## Task description
Only the pictures are to be left out, and the rest of the entries should be reproduced exactly.

## The data
:::
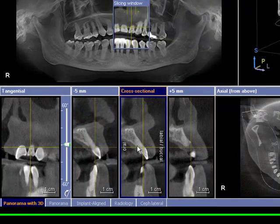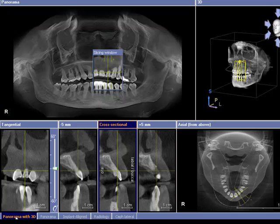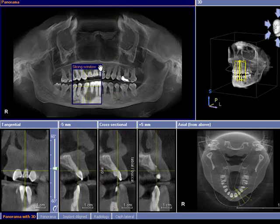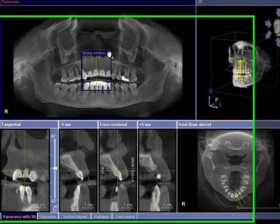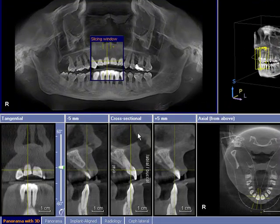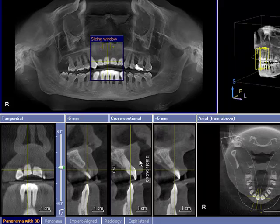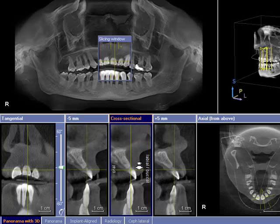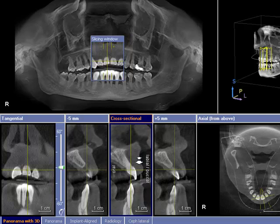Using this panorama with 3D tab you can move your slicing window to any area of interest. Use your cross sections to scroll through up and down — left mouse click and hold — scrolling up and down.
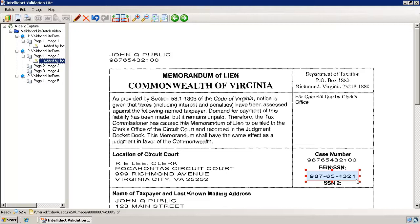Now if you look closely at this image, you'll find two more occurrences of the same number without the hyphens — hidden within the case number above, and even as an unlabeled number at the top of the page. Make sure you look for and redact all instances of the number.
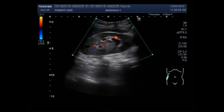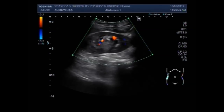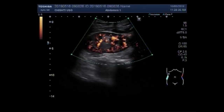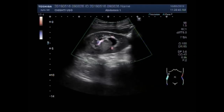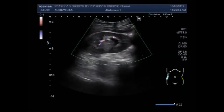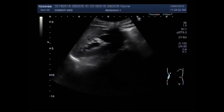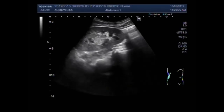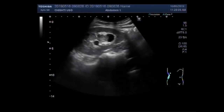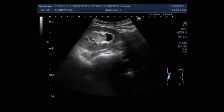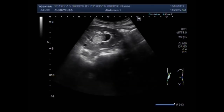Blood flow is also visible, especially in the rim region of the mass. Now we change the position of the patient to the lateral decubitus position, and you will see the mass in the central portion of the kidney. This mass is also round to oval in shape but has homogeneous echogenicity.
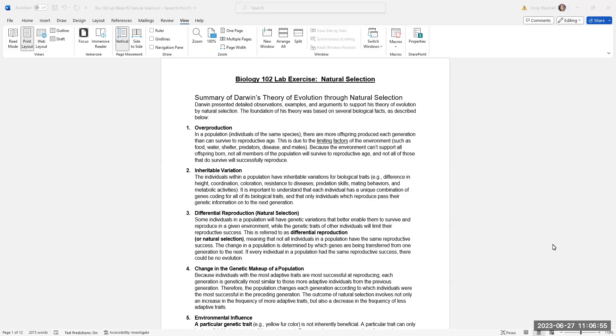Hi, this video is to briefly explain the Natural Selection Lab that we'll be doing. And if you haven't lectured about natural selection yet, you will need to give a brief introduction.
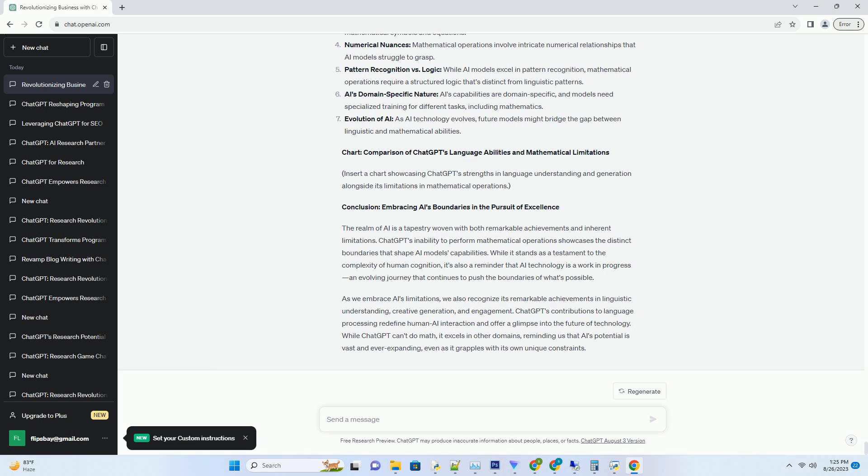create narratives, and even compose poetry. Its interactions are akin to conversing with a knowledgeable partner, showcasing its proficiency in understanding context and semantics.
:::
## Response
Using this panorama with 3D tab you can move your slicing window to any area of interest. Use your cross sections to scroll through up and down — left mouse click and hold — scrolling up and down.
Now if you look closely at this image, you'll find two more occurrences of the same number without the hyphens — hidden within the case number above, and even as an unlabeled number at the top of the page. Make sure you look for and redact all instances of the number.
Blood flow is also visible, especially in the rim region of the mass. Now we change the position of the patient to the lateral decubitus position, and you will see the mass in the central portion of the kidney. This mass is also round to oval in shape but has homogeneous echogenicity.
Hi, this video is to briefly explain the Natural Selection Lab that we'll be doing. And if you haven't lectured about natural selection yet, you will need to give a brief introduction.
create narratives, and even compose poetry. Its interactions are akin to conversing with a knowledgeable partner, showcasing its proficiency in understanding context and semantics.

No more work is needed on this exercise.